To turn their ideas into reality, the Polizzis worked with two Lafayette-based companies: Colorado Timberframe and Cornerstone Contracting, owned by brothers Keenan and Tirion Tompkins. Cornerstone served as the general contractor, and the company outsourced the design to architect Mark Ford of Mosaic Architects of Boulder. “Our architect did a great job of bringing our ideas together,” says Jim. The resulting plan encompasses nearly 3,600 square feet of living space plus an 800-square-foot garage and workshop. The primary living area — great room, kitchen, master suite — is located on the main level, while several extra bedrooms, bathrooms and a family room are found on a lower walkout basement level. “The design is completely different from our suburban home, which was a standard, compartmentalized tract home featuring stud framing and stucco,” says Kathy.
Indeed, the dramatic timber frame is anything but ordinary. The structural frame boasts air-dried Douglas fir timbers that are mainly 10-by-10 or 8-by-8, with some beams closer to 10-by-14. The corners feature a square bead profile, and the timbers are surfaced smooth, with full mortise-and-tenon joinery and oak pegs. “The project is a hybrid, meaning that portions of the house are built from a full structural timber frame and other areas were built without timber framing,” explains Keenan Tompkins. “In addition, the entire house was built with high-performing, 6 ½-inch thick polyurethane structural insulated panels. The house is a classic example of a very polished, contemporary Colorado mountain-style home.”
A special hallmark of the home is its incredible energy efficiency.

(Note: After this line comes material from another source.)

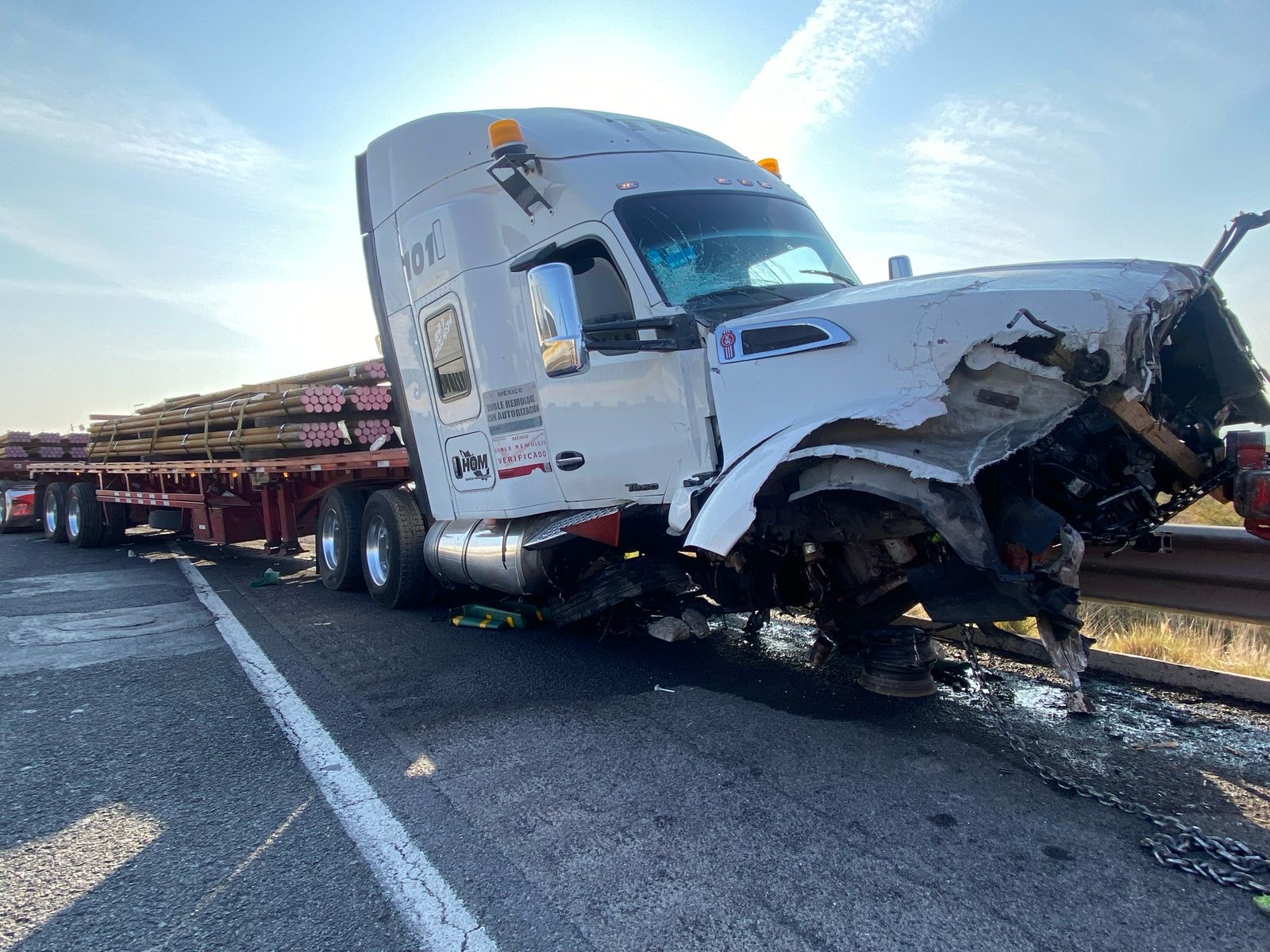Se queda dormido al volante y causa choque múltiple - Noticias de Querétaro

The entire home is heated with in-floor radiant heating, plus there’s a solar PV system that allows the Polizzis to live off the grid for most of the year. “We have great solar exposure, and we sell back unused, generated electricity to the power company — our electricity bills are less than $8.00 per month,” says Jim. The home boasts plenty of other show-stopping details, from custom barn doors and etched shower glass, to motorized shades with a special hideaway recess pocket (designed by Colorado Timberframe) that is notched into the beams. The lighting is also noteworthy — strips of LED lights atop the timbers cast a warm glow to the interior and light up the beautiful frame. Another distinctive element is the seven species of wood used in the home: Douglas fir timbers, oak pegs, hickory floors, an African mahogany entry door, cedar siding and soffit, Ipe decking, and knotty alder cabinetry, trim, and doors. Though there were a few challenges along the way, the Polizzis simply need to gaze out their great room windows to know it was all worth it. “The 9-foot windows allow views of the mountains and snow-capped peaks,” says Kathy. “When visitors arrive, they are amazed and struck by that scene. Even on stormy, windy, snowy days, it’s nice to just stand or sit and look out at what nature has to offer.”
The Polizzis’ mountain retreat is a far cry from their traditional suburban home, but they couldn’t be happier. “Living in the mountains has been a big change for us,” shares Kathy, “but when our children visit, they say they feel like they are on vacation here, getting away from the stresses and pressures of their daily lives. That says it all for us!”